Experimental and computational ¹⁹F NMR shifts for photolysis products of penoxsulam identified by LC-HRMS. (A) Experimental ¹⁹F NMR spectra for the CF₃-containing products. The star symbol (★) represents the parent compound shift. (B) Experimental spectra of aliphatic-CF₂-containing products. Computational shifts are represented as dashed (blue) lines below the experimental spectra with the LC-HRMS product structures. This figure is representative for only one wavelength and does not contain all the products formed in different photolysis conditions; all product structures are in SI Section 8. The relative area of the experimental spectra shows the relative concentrations of the products while the different lengths of the computational spectral lines are only to graphically fit the structures in the figure. Note that 2r, 2s, and 2t structures are a tautomers of 2j and 2k structures.

Figure 5

(A) Heterolytic C–F bond breaking enthalpies (in kcal mol^–1) from the CF₃ group for fluorinated compounds containing benzylic or heteroaromatic CF₃ motifs. The enthalpies are the average of three values for the three fluorines, and standard deviation bars are smaller than the marker. The values have not been validated with a training set, and the key result is the relative differences among the different structural classes. Structures for model compounds 1–8 are available in SI Section 16. The horizontal lines in the benzylic-CF₃ and Het-CF₃ sections respectively represent the average heterolytic bond breaking enthalpy values (52.6 kcal mol^–1 and 66.9 kcal mol^–1, respectively).
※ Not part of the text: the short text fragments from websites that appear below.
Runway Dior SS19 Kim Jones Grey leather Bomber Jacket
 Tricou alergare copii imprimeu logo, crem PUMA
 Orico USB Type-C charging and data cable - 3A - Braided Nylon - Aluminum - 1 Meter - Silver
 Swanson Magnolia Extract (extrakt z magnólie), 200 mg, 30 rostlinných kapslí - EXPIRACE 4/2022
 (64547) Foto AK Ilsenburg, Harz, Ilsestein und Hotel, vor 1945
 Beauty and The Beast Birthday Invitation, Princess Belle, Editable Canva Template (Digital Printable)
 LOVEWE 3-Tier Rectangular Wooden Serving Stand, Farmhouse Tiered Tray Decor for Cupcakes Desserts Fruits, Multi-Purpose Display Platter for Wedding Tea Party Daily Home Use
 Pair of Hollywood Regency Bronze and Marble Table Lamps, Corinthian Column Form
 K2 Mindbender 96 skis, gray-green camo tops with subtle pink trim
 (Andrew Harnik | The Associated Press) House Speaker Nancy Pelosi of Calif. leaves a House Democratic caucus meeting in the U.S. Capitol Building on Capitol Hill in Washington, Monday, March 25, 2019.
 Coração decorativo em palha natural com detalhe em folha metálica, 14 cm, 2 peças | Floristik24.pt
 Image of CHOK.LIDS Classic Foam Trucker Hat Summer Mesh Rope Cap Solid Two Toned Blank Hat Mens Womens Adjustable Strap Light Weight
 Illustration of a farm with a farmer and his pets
Points 5 and 6 are not included in the heteroaromatic average. Compounds corresponding to markers numbered 1–5 are shown in (B) and (C) and marker 6 has a lower enthalpy because it is the model structure corresponding to celecoxib (5). (B) Molecular electrostatic potential (MEP) from electron density calculations for compounds 1–5. The common color map legend is shown on the top right with the positive–negative value range (electrons Å^–3) in parentheses next to each compound name. Red denotes negative values, and blue denotes positive. CF₃ groups can be seen at the bottom right of the compound in (1) and right side of the compound in (2)–(5). (C) Fluorine mass balances for compounds 1–5 calculated using ¹⁹F NMR before (initial) and after (photolyzed) photolysis using 275 nm UV-LED with approximately 4-log degradation (except sitagliptin with 3-log). The mass balances for penoxsulam, fluoxetine, and saflufenacil were taken from our previous study. Reproduced with permission from ref (11). Copyright 2023 American Chemical Society. Experiments for sitagliptin and celecoxib were performed in the current study. Each differently colored/shaded bar is a different type of fluorine in the solution where the corresponding legends show the fluorinated product or the type of fluorine peak observed for each product along with the frequency shifts, i.e., singlets (S), doublets (D), doublets of triplets (DT), trifluoroacetic acid (TFA), and fluoride (F^–). Parent compounds are marked with P in the legends. Errors bars, which are not presented in the bar graphs, were less than 7%.